**Prompt**:
Copy exactly the lines from the one containing "Gunlock Falls in" through the last line of the records below, both included, and leave out the pictures.

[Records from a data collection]
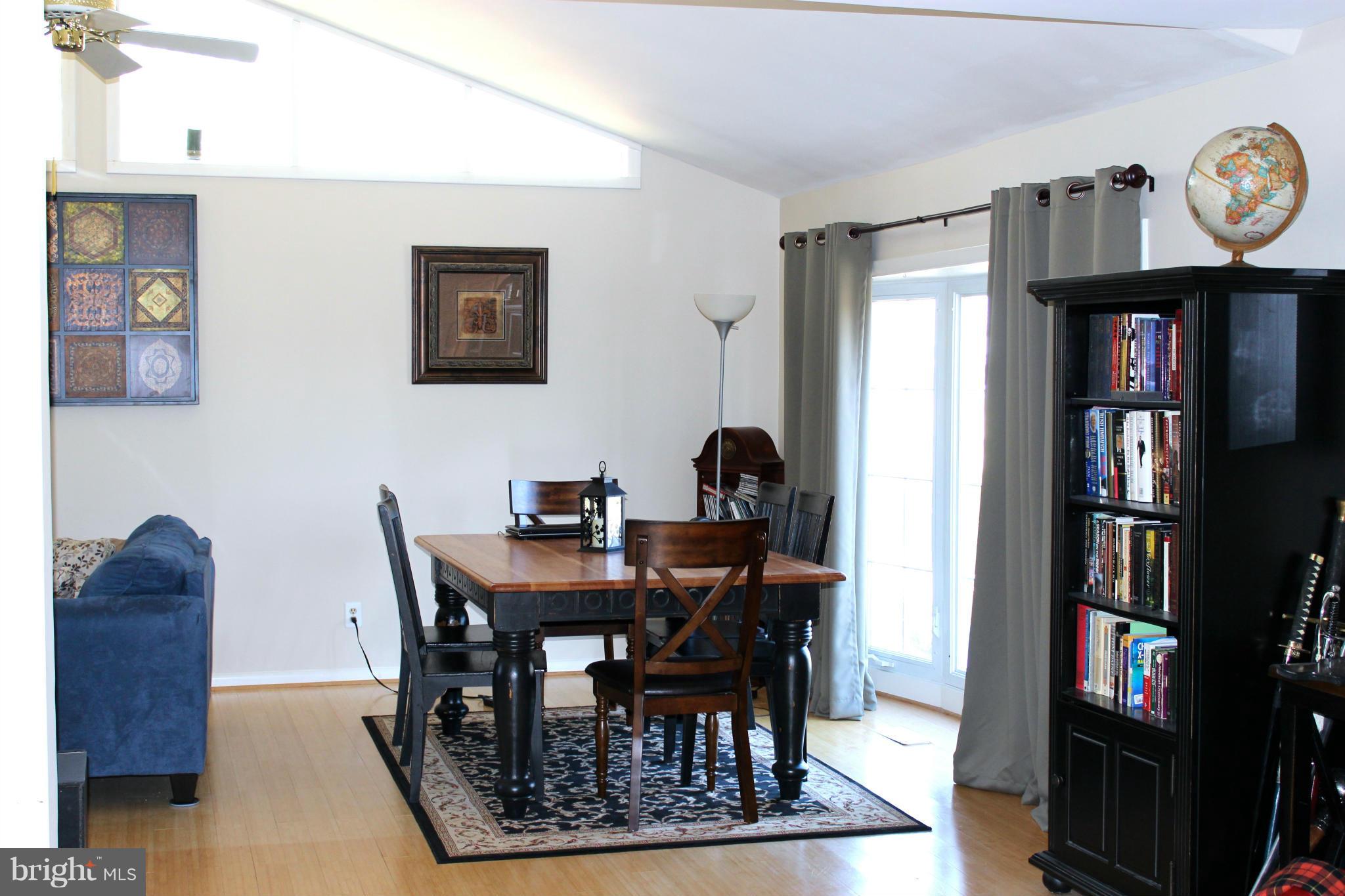 5940 Craft Road Alexandria, VA 22310 - Photo 9 of 18 Dining Room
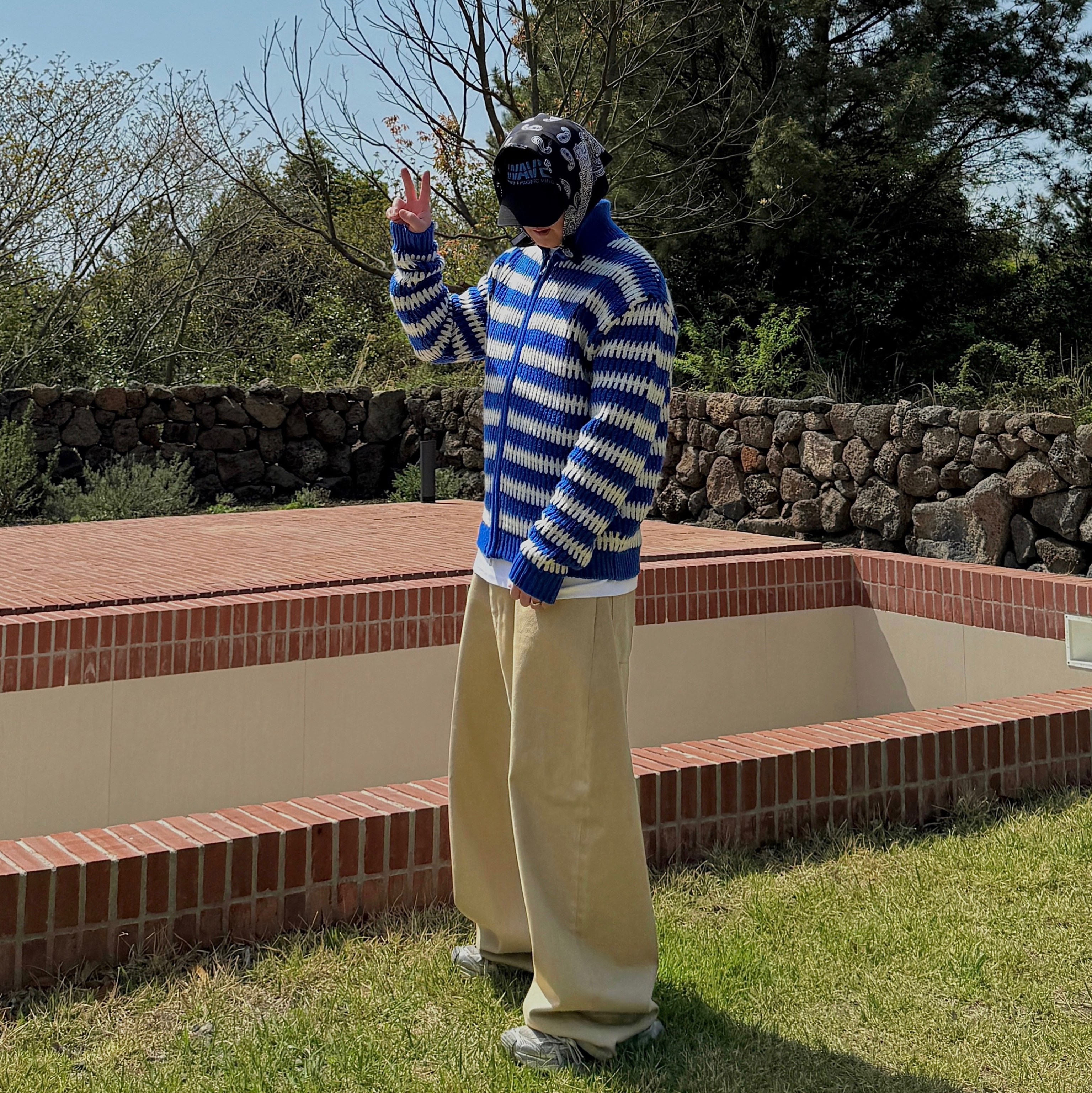 STU Stripe Collar Zip UP Sweater Blue, STU Wide Cotton Pants Beige 착용 스타일 - 3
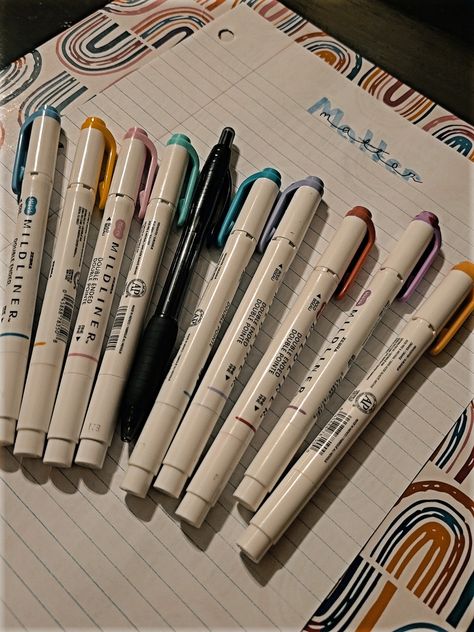 Notes Highlighter, Midliner Pens, Aesthetic Highlighter Pens, Midliners Highlighters, Mild Liner Highlighter, Highlighter Collection Stationary, Zebra Midliners Highlighters, Science Notes, Dream School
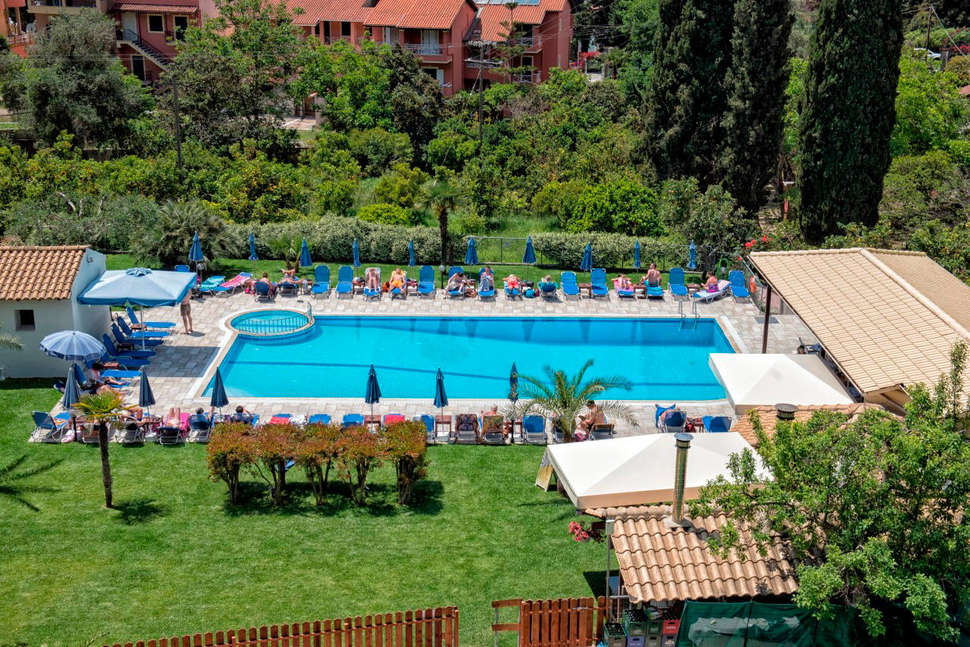 Zwembad van Irene Appartementen Hotel in Agios Gordios, Griekenland foto 1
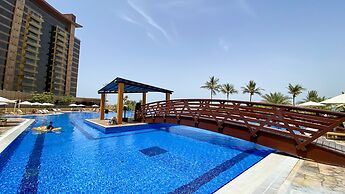 Modern beachfront 1BR apartment
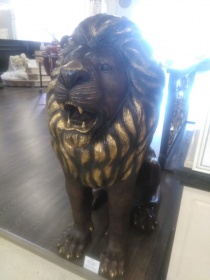 Скульптура львы из бронзы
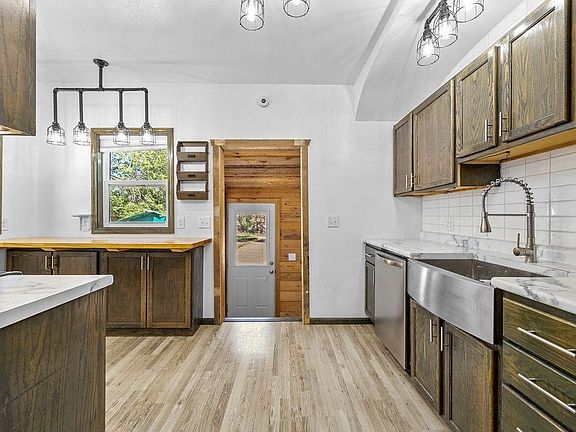 5th image of 1003 Valley St
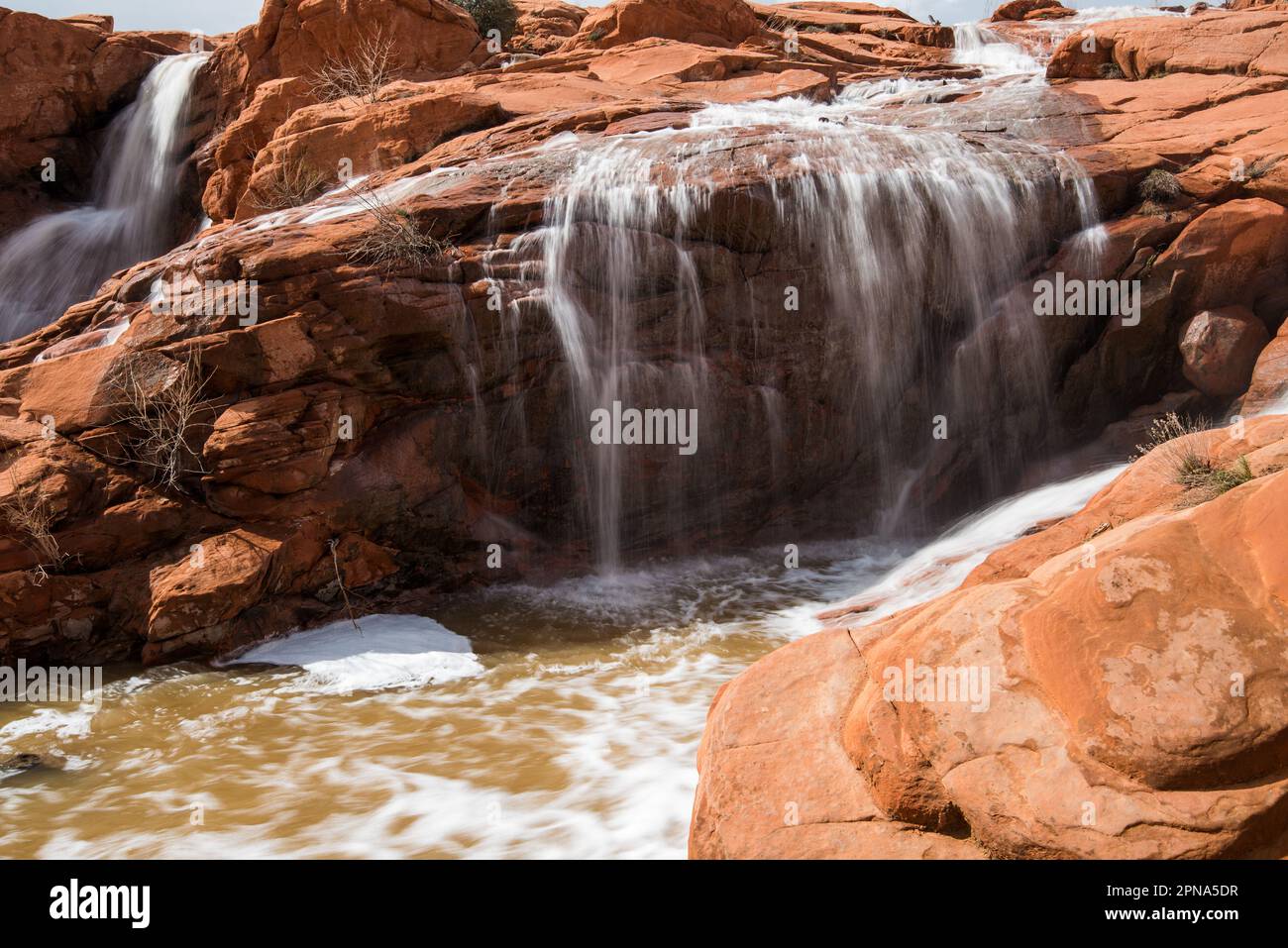 Gunlock Falls in the desert of southern Utah, USA. These falls only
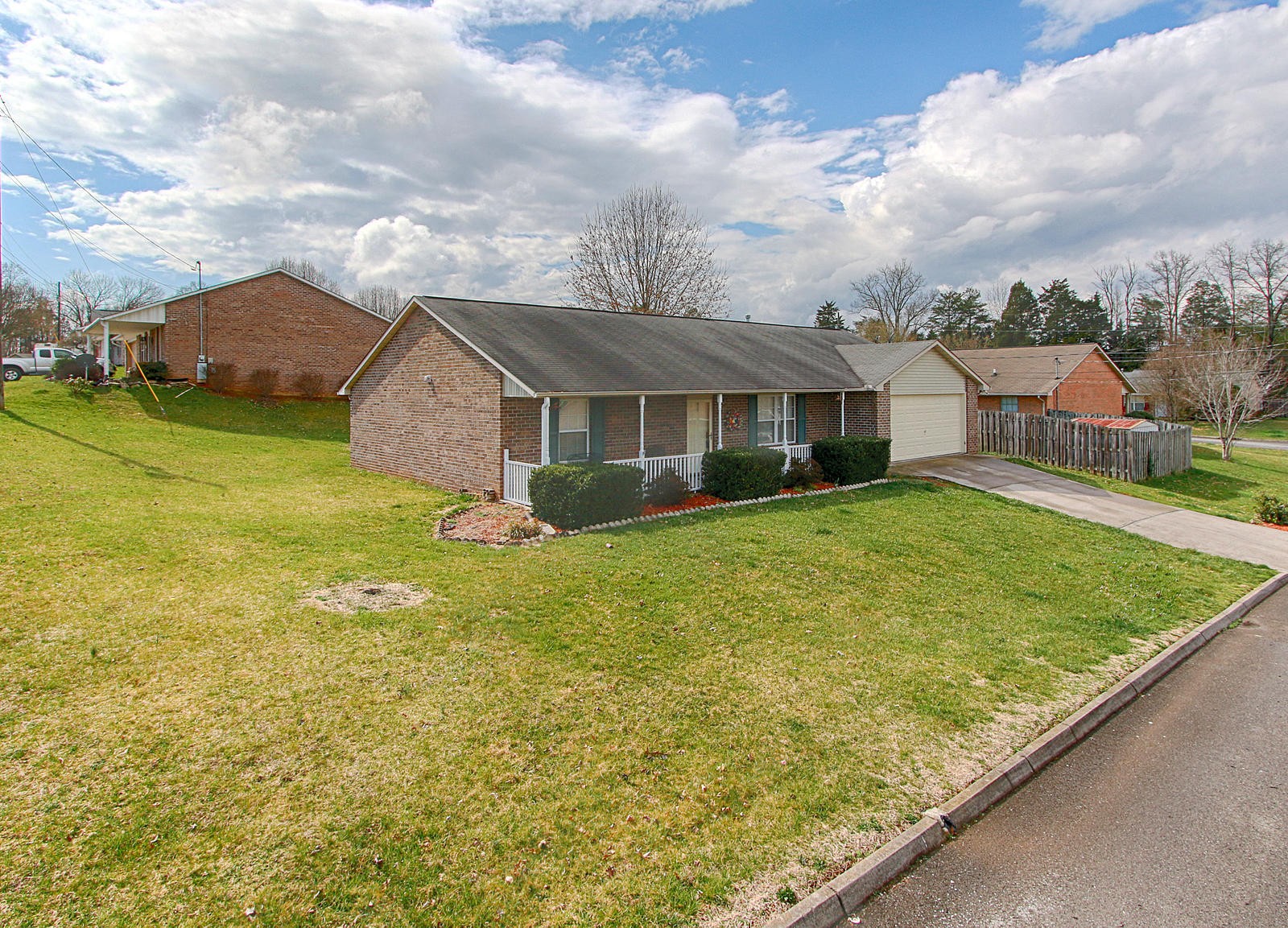 7601 Prairie Road Corryton, TN 37721 - Photo 2 of 17 Gallery Image 2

**Reply**:
 Gunlock Falls in the desert of southern Utah, USA. These falls only
 7601 Prairie Road Corryton, TN 37721 - Photo 2 of 17 Gallery Image 2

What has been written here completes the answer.